CB: We began with notions of interrogating the form of the retrospective. Also, our thought was that because of the radical proposal that her work makes of dismantling authorship and hierarchical consideration, even of history, one can say, it justified [a different] kind of curatorial move. At the beginning, we had the idea of curating into Clark’s retrospective clusters around different thematics in her work, clusters of objects by other artists, actually. For example, the easiest example is with the early geometric abstraction. We thought to include a Mondrian, a Léger, etc., and to use her work almost as a spine off of which you’d have these galleries of influence or thematic groupings. One of the problems I had with that was that I really wanted to see an all-Clark exhibition. But also, I’m a viewer who has Mondrian in mind, so I don’t need those objects quite as immediately. And again, at MoMA they are hanging upstairs. In the end, I felt, why does a woman artist, and a dead one, have to be the one who has her retrospective organized in this very unorthodox way, when in fact, there’s a lot of evidence that what she would have wanted was just a straight up approach? I mean, who knows, but what she may have wanted, and does deserve, is first a laying out of all the work.
We’ve actually come back to more or less a chronology because the other thing I think you have to account for is just the regular viewer who comes to the exhibition knowing nothing. And mostly the American audience doesn’t know this work at all. So, the clearest thing to do is just to lay it out. But we’ve tried to do certain things. The galleries have kind of an L shape, and you’ll enter on the early paintings, and move through about up to Caminhando (Walking), which is from 1963. All of that early work will move along in a more or less conventional way. And then, you’ll sort of round the corner of the L and move into a space that’s much more open. There won’t be many walls. You’ll see sculptures or paintings in the distance of the Bichos, for example. You’ll encounter this kind of pedestal accumulation of Bichos, so the interactivity will start there.
Then, there will be the feeling, we hope, toward the later part of the exhibition of a real shift in the tenor and look of the show where the more participatory works will be activated. One of the really key works is Caminhando, from 1963. There is something so radical about it that it takes her a while to figure out how to incorporate it. We feel it’s important to have the action [of Caminhando] over and over and over in the show. It is a kind of personal performance, performed by each viewer, potentially.
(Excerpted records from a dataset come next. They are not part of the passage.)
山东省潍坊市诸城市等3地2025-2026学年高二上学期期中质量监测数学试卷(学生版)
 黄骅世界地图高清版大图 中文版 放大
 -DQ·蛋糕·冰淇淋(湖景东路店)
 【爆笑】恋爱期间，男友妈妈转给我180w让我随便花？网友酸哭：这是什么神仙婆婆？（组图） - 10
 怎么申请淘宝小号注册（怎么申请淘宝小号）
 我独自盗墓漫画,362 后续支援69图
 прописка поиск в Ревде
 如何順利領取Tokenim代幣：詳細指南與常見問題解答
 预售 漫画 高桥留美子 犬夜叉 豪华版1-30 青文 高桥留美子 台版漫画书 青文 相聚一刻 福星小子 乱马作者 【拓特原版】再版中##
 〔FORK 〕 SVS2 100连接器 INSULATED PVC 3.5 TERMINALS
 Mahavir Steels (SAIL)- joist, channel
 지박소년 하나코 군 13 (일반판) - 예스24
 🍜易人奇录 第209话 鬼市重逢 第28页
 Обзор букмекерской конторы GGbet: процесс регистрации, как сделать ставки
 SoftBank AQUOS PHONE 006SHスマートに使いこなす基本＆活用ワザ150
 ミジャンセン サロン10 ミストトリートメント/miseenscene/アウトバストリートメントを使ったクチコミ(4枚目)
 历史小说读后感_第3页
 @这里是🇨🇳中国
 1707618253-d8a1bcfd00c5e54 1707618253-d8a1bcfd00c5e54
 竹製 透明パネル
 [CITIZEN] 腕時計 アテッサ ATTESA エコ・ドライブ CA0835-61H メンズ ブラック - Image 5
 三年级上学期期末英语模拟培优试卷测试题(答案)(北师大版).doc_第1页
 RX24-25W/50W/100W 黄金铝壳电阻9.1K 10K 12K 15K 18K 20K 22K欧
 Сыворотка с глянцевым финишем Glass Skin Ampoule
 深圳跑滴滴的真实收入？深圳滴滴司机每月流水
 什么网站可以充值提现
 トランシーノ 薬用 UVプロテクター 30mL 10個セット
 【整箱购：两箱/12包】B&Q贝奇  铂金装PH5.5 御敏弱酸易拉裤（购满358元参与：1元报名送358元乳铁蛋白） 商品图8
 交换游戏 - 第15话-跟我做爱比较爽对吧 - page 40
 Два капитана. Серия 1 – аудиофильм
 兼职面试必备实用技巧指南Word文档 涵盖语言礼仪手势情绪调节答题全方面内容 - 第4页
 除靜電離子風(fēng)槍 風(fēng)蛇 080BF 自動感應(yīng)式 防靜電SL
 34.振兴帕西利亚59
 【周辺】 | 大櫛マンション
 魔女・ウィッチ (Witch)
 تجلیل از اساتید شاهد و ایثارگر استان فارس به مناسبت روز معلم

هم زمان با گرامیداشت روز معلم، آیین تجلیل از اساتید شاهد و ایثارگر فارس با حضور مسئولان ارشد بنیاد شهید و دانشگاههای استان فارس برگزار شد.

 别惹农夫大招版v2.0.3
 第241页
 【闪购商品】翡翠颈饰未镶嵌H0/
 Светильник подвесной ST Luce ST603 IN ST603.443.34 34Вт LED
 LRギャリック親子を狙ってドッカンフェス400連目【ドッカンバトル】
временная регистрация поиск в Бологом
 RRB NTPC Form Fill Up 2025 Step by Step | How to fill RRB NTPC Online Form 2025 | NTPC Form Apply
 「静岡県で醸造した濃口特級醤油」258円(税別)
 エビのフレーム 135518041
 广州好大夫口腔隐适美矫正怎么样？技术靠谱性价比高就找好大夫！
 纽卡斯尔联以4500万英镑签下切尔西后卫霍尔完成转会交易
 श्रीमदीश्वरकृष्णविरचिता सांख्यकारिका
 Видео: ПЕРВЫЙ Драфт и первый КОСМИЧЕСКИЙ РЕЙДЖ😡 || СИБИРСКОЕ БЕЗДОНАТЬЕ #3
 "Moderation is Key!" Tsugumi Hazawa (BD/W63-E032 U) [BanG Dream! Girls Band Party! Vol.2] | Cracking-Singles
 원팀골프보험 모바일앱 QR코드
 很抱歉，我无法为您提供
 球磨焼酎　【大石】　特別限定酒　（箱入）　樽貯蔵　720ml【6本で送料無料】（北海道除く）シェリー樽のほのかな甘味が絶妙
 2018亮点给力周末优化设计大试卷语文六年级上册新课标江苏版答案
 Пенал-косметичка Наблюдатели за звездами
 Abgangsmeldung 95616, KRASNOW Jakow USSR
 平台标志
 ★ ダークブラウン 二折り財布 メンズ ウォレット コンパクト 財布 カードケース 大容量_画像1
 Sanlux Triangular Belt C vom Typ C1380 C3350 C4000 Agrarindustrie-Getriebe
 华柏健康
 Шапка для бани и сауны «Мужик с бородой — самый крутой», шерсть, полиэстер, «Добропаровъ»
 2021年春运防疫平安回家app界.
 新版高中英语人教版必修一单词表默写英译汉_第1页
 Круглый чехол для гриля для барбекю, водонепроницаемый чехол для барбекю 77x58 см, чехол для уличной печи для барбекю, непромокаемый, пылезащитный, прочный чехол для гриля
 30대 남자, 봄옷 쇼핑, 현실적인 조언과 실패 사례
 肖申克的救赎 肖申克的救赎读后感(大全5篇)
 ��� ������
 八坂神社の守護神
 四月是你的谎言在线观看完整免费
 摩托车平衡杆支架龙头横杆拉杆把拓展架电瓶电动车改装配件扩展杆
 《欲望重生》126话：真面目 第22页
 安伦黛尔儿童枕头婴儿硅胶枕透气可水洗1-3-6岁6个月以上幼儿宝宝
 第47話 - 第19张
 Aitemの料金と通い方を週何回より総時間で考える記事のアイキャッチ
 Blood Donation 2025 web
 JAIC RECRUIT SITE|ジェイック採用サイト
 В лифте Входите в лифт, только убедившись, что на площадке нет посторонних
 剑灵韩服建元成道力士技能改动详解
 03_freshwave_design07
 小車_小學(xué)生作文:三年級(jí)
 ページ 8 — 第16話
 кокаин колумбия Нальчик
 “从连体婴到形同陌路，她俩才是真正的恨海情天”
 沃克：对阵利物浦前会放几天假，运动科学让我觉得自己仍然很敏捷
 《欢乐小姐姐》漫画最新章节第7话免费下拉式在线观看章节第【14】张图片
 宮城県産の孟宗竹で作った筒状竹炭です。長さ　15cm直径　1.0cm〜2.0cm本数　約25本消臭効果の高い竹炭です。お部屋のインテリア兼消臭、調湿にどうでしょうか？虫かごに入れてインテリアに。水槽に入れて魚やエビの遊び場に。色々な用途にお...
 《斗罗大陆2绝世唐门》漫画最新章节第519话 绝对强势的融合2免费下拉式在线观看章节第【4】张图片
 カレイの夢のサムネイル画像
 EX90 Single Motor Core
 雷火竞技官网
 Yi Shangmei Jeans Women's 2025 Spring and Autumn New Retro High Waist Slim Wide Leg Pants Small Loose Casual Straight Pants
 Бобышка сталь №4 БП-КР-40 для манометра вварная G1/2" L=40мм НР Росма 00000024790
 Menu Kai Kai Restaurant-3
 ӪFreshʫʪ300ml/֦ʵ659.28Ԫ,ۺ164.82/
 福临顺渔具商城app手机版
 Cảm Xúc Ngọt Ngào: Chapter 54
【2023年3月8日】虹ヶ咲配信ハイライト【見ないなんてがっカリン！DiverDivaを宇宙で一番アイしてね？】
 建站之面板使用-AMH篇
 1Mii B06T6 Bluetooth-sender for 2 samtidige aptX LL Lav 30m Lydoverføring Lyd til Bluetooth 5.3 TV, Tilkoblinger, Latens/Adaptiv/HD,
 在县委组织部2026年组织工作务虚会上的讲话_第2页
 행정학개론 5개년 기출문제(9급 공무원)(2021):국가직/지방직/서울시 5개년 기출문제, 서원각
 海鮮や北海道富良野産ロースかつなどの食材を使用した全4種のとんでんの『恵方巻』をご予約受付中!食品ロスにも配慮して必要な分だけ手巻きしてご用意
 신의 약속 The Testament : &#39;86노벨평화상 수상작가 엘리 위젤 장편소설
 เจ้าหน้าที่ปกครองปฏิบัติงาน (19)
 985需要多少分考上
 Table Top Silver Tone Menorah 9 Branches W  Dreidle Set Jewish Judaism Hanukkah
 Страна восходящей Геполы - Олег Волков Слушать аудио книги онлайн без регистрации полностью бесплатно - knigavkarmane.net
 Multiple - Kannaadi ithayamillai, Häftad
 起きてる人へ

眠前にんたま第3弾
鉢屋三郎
![](http://api.x-traonline.org/wp-content/uploads/2014/09/171_Clark_5_LC276_Print1.jpg)
Lygia Clark’s proposition Rede de elásticos (Elastic net), 1974. Shown in use, in Paris, in 1974. Courtesy Associação Cultural “O Mundo de Lygia Clark,” Rio de Janeiro.
JM: How are you approaching the display of documentation?
CB: There’s not that much documentation. There are two films, one of which was made with her participation during her lifetime by one of her sons and another made shortly after [her death]. And those moving images are especially important because of the liveness question. Another thing we’ve decided to do is to have short videos of different people, of hands and bodies manipulating certain of the key works, maybe a Bicho or Caranguejo (Crab) (1960), which is one of the first ones. And then have those videos appear at different moments throughout the exhibition, so there’s always movement…. And liveness. When I was originally organizing WACK!, I remember distinctly that when I was talking to Guy Brett about how to present Clark’s work, he said that [it was important to] show film and photographs at a certain scale——at human scale——to preserve their immersive quality.
There are really wonderful archival photographs of exhibitions during her life, which are almost all black and white. She was clearly very aware of her own image. She was photographed a lot with the work; she was very striking. I think you have to be careful, especially with women artists, that you don’t just end up with lots of fabulous pictures of them, dressed up, posing with their sculpture, because that’s so problematic. At the same time, it’s also useful, so we’ll do some photographic blow-ups.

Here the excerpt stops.